── PROVIDED DATA

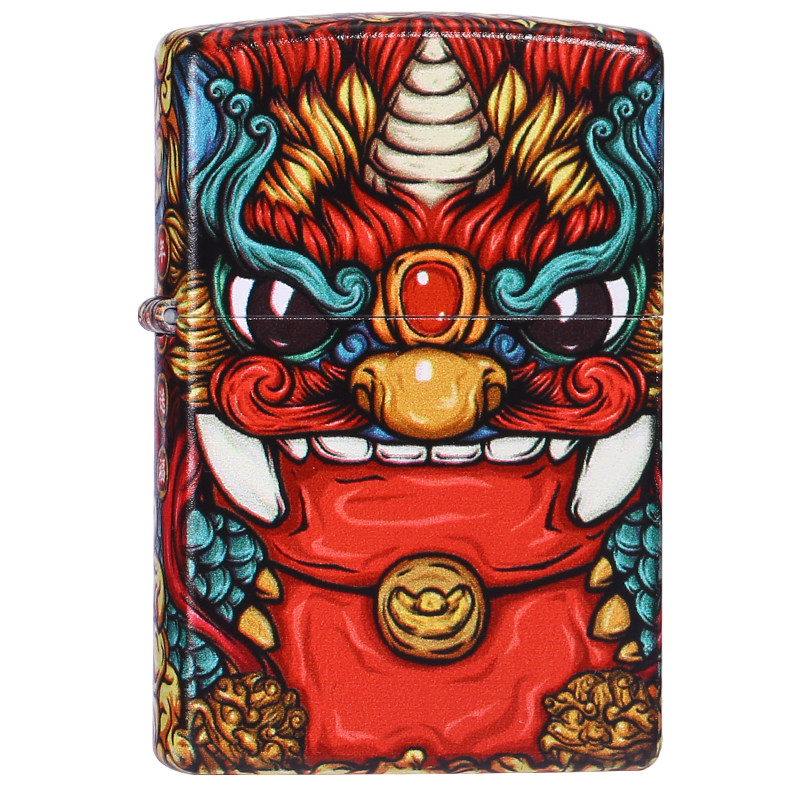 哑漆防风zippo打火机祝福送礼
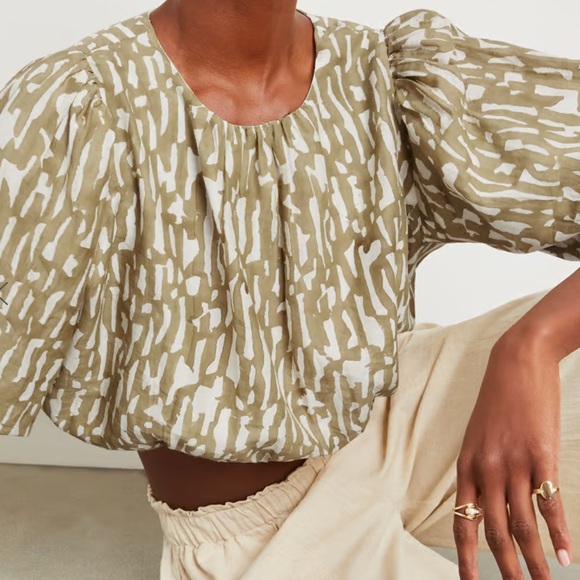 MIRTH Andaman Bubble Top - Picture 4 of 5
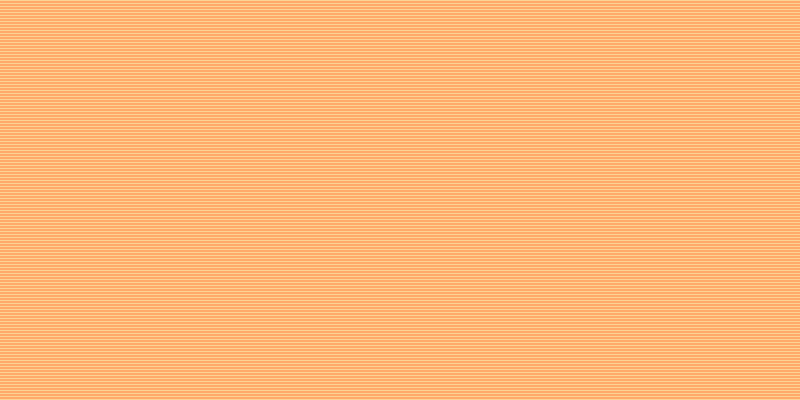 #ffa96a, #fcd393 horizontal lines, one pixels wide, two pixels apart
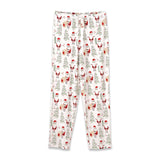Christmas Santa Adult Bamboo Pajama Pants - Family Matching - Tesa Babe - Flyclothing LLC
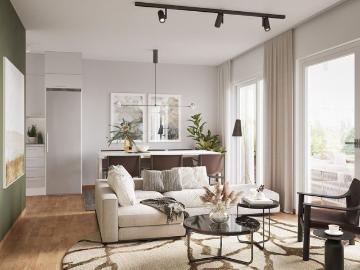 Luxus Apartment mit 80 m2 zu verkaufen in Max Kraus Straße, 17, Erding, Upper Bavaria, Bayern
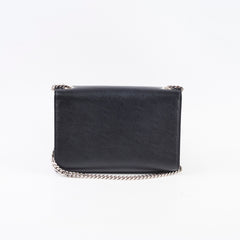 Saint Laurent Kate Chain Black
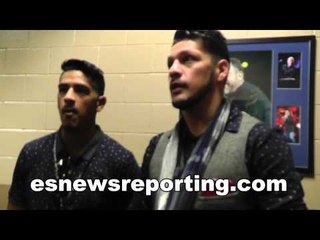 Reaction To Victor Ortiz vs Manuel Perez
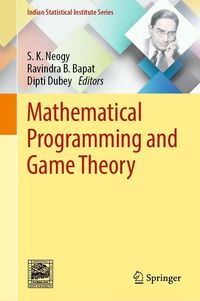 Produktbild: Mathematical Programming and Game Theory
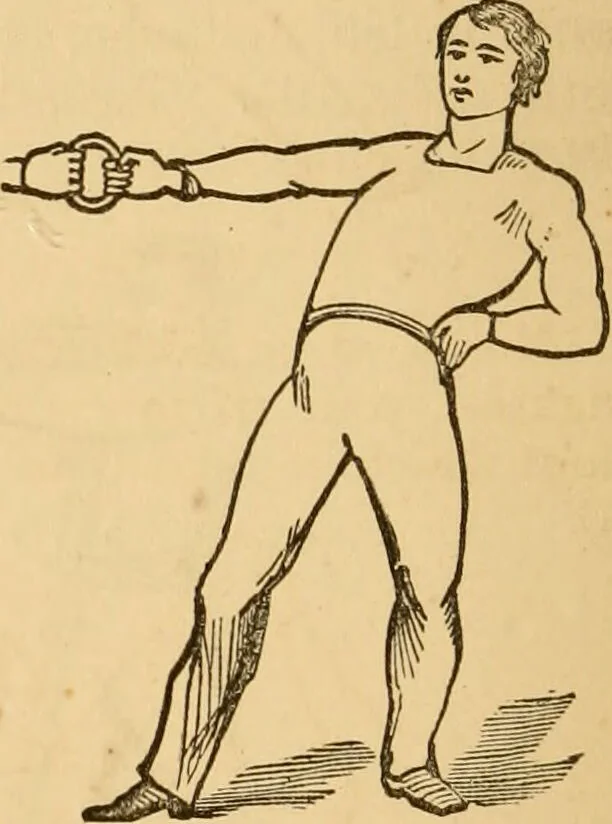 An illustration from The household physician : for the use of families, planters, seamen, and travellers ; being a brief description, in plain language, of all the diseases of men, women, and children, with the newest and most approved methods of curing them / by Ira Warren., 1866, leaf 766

────

- [WHAT THE TASK ASKS]: The first line of the entries, the line containing "Luxus Apartment mit", and every line between them are to be output exactly; pictures are not.

- [REPLY TO THE EXERCISE]:
 哑漆防风zippo打火机祝福送礼
 MIRTH Andaman Bubble Top - Picture 4 of 5
 #ffa96a, #fcd393 horizontal lines, one pixels wide, two pixels apart
Christmas Santa Adult Bamboo Pajama Pants - Family Matching - Tesa Babe - Flyclothing LLC
 Luxus Apartment mit 80 m2 zu verkaufen in Max Kraus Straße, 17, Erding, Upper Bavaria, Bayern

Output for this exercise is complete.